En chemin, j’ai appris le renoncement et le dépouillement qui m’ouvrent un monde nouveau et une plénitude. Il me fallait franchir la pierre d’achoppement et traverser le brouillard. Cependant, comme l’annonce l’Apocalypse, le temps n’est que proche (Ap. 22, 10), mon chemin n’est pas encore achevé. Je me suis exercée seulement à m’apprivoiser sur ce chemin aventureux.

Tournant la page, je me permets de remercier ceux qui m’ont accompagné dans ce long travail. Je me souviens avant tout des deux premiers sémioticiens que j’ai rencontrés, François Martin et Paul Sye, grâce auxquels j’ai pu commencer. Je dois nommer aussi les autres sémioticiens du CADIR qui m’ont témoigné leur fidélité à écouter et à partager la parole. J’adresse mon merci particulier à ma maman qui m’a toujours portée dans sa prière et à mes amis qui ont vécu ensemble ce temps de l’apprentissage. Merci aux salésiens et salésiennes de Don Bosco et aux sœurs de Saint Maurice en Suisse qui m’ont encouragée par leurs amitiés. Merci enfin à mes sœurs de SCM (Sœurs de la Charité de Miyazaki) qui m’ont motivée à poursuivre dans ce cheminement.
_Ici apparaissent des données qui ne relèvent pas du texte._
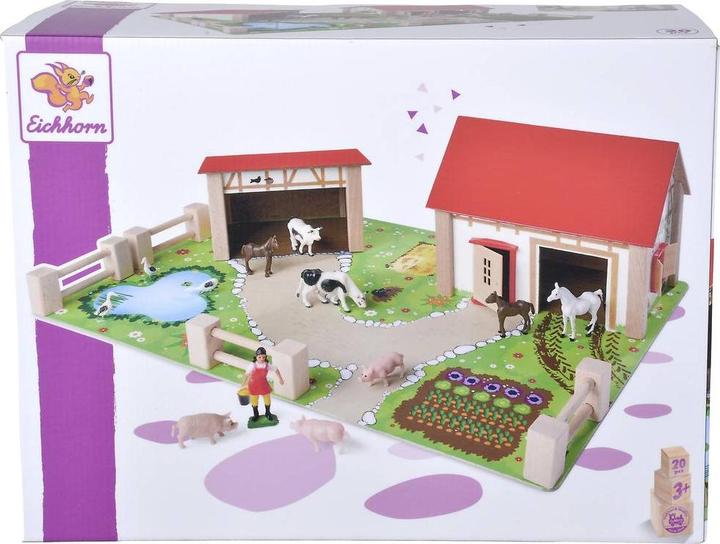 Produktbild Eichhorn Houten Boerderij met Accessoires, 20dlg.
Il ne me reste qu’à rendre grâce et louer Dieu, qui m’a ouvert à toute cette révélation.

Notes
1.

Paul BEAUCHAMP, L’un et l’autre Testament. 2. Accomplir les Écritures, Paris, Seuil, 1990, p.66.

2.

Nous empruntons la notion de « secret » à J. Derrida, qui affirme ainsi : « je ne pourrai jamais me mesurer au secret de l’altérité. L’essence même de l’altérité, c’est le secret ». Le secret n’est donc pas seulement un contenu que l’on cache ; le secret définit toute singularité. Voir « Une éthique impossible ? Jacques Derrida », Sciences Humaines, hors-série, spécial n°3, mai-juin 2005.

3.

Michel de CERTEAU, La faiblesse de croire, Paris, Seuil, 1987, p.302.

4.

Jacques GENINASCA, « Du texte au discours littéraire et à son sujet », Nouveaux Actes Sémiotiques n°10-11, PULIM, Université de Limoges, 1990, p.33.